There’s been more accusations of money wastage at Holbeach Parish Council after it was revealed that it is paying over £600 a month to HR companies.
This year alone the authority is set to pay two firms £7,440 to oversee its five current staff as well as having been told to re-establish its own HR committee which it got rid of last July at the time throwing out all pending complaints against councillors and employees.
Following the HR committee being disbanded, in September a company called Peninsula was appointed to take over the HR at a cost of £399.38 plus VAT per month.
But the parish council was already paying another company called ELAS for HR services and had been using it “for a number of years” a council spokesman said. It currently costs the council £200 plus VAT per month.
The Voice asked the parish council and its chair Coun Graham Rudkin why a second HR company had been appointed when the council already paid one, but did not receive an answer with Coun Rudkin declining to comment.

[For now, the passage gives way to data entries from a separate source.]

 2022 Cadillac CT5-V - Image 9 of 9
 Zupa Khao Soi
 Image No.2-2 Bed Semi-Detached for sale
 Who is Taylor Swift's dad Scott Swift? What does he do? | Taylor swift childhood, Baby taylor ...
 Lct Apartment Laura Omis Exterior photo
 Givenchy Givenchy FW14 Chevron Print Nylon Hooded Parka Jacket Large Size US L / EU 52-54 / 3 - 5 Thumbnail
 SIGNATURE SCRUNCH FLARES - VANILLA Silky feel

Now the council has also been told by the Lincolnshire Association of Local Councils that it needs to reform the HR committee in addition to any external HR companies.

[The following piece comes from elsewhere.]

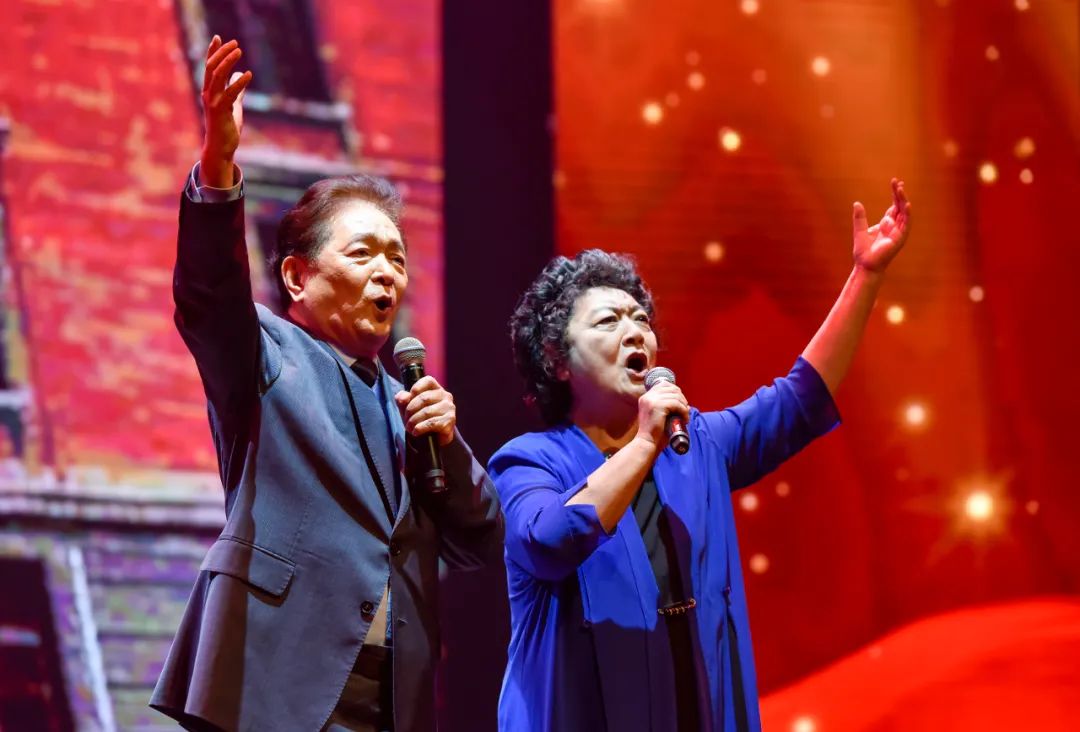 东城区举办庆祝中国共产党成立100周年文艺演出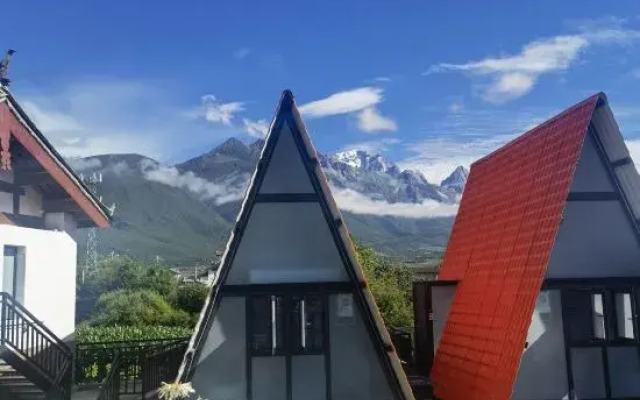 V Coffee Snow Mountain View B&B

The council says it agreed to serve ELAS notice on its contract at its meeting on January 18, but that it will have to continue to pay for the service until the contract finishes in December.

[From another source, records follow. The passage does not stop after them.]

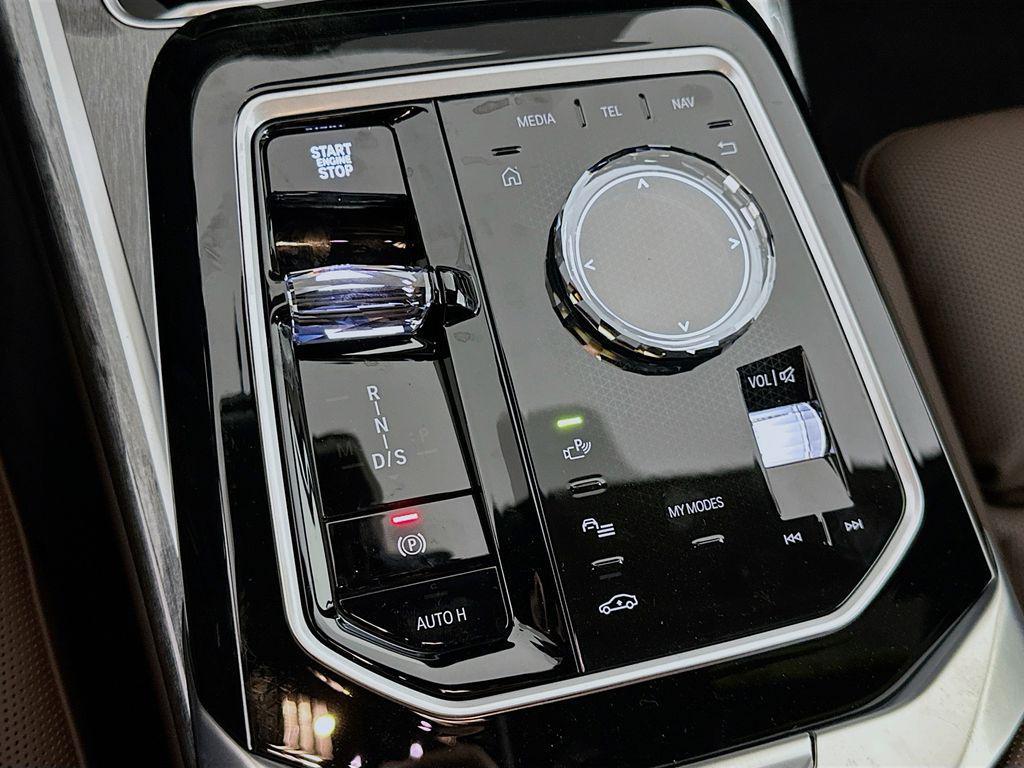 new 2025 BMW 740 car, priced at $108,500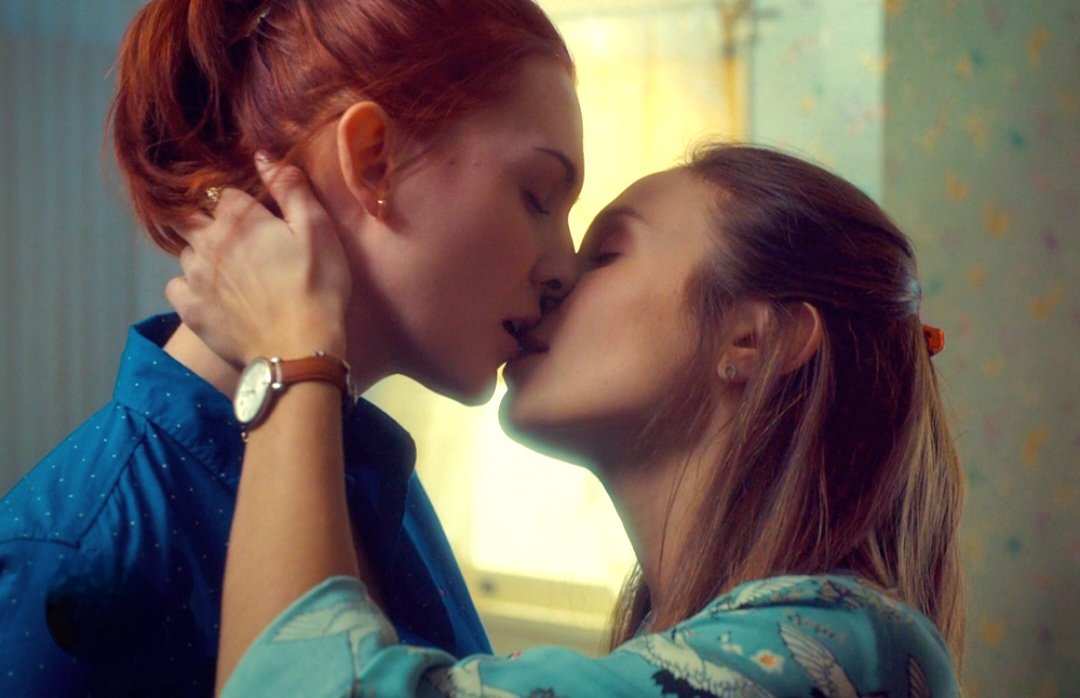 only_human3's tweet photo. Happy #wayhaughtwednesday to all my lovely #Earpers Family 💙 #WynonnaEarp #wayhaught #katbarrell #dominiquepc #representationmatters 🏳️🌈 #LGBTQ https://t.co/jUG3nDtgip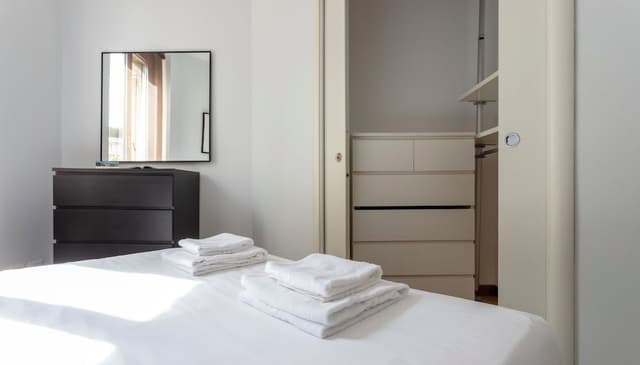 Apartment (1 Bedroom)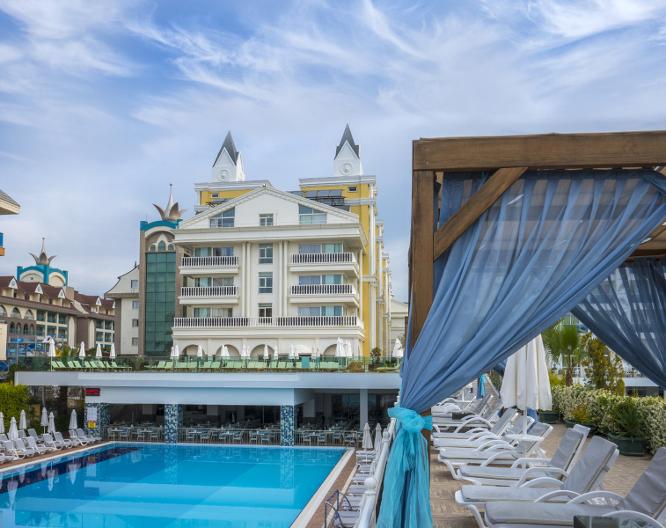 Dream World Resort & Spa - Außenansicht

At that same meeting the council announced cost cutting measures including not immediately returning to its usual staff level of seven employees, an increase in its share of the council tax and that it was taking £30,000 out of the reserves to balance the books.
At the same time The Voice reported concerns had been raised as to why Holbeach Parish Council made two payments totalling more than £27,000 to creditors whose names were redacted in official documents.
The parish council declined to comment on the payments and whether they were linked to a mystery non-disclosure agreement mentioned in the meeting.
When asked for a comment on Holbeach Parish Council, Coun Rudkin said: “I’m here to hopefully get everybody working together and I think we are moving in that direction but it’s going to take time.
“There’s a fraction of the council that haven’t been working together and I’m hoping to rectify that.
“I can assure parishioners that whatever has been done has been decided on with the best interests of the town in mind.”